Fiscal Year 2014 Annual Outlook

For fiscal year 2014, the Company continues to expect net sales revenue in the
range of $1.29 billion to $1.32 billion, and diluted EPS in the range of $3.13
to $3.23, which includes the non-cash asset impairment charges of $0.37 per
share recorded in the first quarter of fiscal year 2014. The Company expects
adjusted diluted EPS to be in the range of $3.50 to $3.60, which is consistent
with the Company’s previous guidance. The earnings guidance reflects the
negative impact of the difficult retail environment, a normal cold/cough/flu
season, product cost increases across all segments, an increase in non-cash
compensation expense for the Company’s CEO, and an incentive compensation
program for the Healthcare/Home Environment segment. The Company expects
capital expenditures for fiscal year 2014 to be in the range of $40 million to
$45 million, with approximately $33 million related to the completion of the
Company’s new 1.3 million square foot distribution center in Olive Branch,
Mississippi.

Conference Call and Webcast

The Company will conduct a teleconference in conjunction with today's earnings
release. The teleconference begins at 4:45 pm Eastern Time today, Thursday,
January 9, 2014. Institutional investors and analysts interested in
participating in the call are invited to dial (888) 417-8465. The conference
call will also be available to interested parties through a live webcast at
www.hotus.com. Please visit the website and select the “Investor Relations”
link at least 15 minutes prior to the start of the call to register and
download any necessary software.

A telephone replay of the call will be available until 11:59 pm Eastern Time
on January 16, 2014, by dialing (877) 570-5176 (domestic) or (858) 384-5517
(international) and entering the conference replay number: 8376226. Please
note participants must enter the conference identification number in order to
access the replay.

About Helen of Troy Limited:

About Helen of Troy Limited: Helen of Troy Limited is a leading global
consumer products company offering creative solutions for its customers
through a strong portfolio of well-recognized and widely-trusted brands,
including: Housewares: OXO®, Good Grips®, Soft Works®, OXO tot® and OXO
Steel®; Healthcare/Home Environment: Vicks®, Braun®, Honeywell®, PUR®,
Febreze®, Stinger®, Duracraft® and SoftHeat®; and Personal Care: Revlon®,
Vidal Sassoon®, Dr. Scholl's®, Pro Beauty Tools®, Sure®, Pert®, Infusium23®,
Brut®, Ammens®, Hot Tools®, Bed Head®, Karina®, Ogilvie® and Gold 'N Hot®. The
Honeywell® trademark is used under license from Honeywell International Inc.
The Vicks®, Braun®, Febreze® and Vidal Sassoon® trademarks are used under
license from The Procter & Gamble Company. The Revlon® trademark is used under
license from Revlon Consumer Products Corporation. The Bed Head® trademark is
used under license from Unilever PLC. The Dr. Scholl's® trademark is used
under license from MSD Consumer Care, Inc.

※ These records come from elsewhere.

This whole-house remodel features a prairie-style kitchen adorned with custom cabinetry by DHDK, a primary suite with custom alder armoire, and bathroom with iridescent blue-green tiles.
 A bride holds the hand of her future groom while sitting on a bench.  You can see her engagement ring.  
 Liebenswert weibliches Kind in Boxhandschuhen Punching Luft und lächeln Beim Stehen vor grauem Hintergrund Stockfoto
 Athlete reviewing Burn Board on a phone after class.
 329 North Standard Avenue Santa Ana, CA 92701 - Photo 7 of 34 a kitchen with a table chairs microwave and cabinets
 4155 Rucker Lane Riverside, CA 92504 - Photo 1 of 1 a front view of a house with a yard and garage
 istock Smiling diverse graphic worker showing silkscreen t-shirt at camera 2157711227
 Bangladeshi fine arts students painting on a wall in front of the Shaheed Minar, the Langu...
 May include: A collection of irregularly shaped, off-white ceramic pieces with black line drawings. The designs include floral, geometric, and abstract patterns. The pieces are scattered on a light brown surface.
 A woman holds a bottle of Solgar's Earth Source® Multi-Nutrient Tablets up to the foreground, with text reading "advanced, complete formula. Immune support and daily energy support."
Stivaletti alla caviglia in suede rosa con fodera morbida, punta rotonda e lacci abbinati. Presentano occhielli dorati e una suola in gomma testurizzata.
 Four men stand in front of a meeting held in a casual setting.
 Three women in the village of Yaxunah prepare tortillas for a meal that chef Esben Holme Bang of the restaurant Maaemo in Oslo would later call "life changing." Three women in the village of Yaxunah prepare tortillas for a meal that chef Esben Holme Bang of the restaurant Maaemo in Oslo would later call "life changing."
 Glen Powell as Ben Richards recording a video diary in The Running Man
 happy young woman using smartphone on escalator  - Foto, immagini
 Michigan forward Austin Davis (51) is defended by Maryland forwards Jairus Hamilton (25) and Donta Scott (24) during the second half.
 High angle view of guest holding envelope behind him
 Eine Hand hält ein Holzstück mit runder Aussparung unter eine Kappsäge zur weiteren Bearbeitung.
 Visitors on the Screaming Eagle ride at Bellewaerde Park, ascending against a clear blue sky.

For in-depth information about Helen of Troy, please visit www.hotus.com.

Non-GAAP Financial Measures:

The Company reports and discusses its operating results using financial
measures consistent with accounting principles generally accepted in the
United States of America (“GAAP”). To supplement its presentation, the Company
discloses certain financial measures that may be considered non-GAAP financial
measures, such as adjusted operating income, adjusted income, adjusted diluted
EPS, EBITDA and adjusted EBITDA, which are presented in an accompanying table
to this press release along with a reconciliation of these financial measures
to their corresponding GAAP based measures presented in the Company’s
consolidated condensed statements of income.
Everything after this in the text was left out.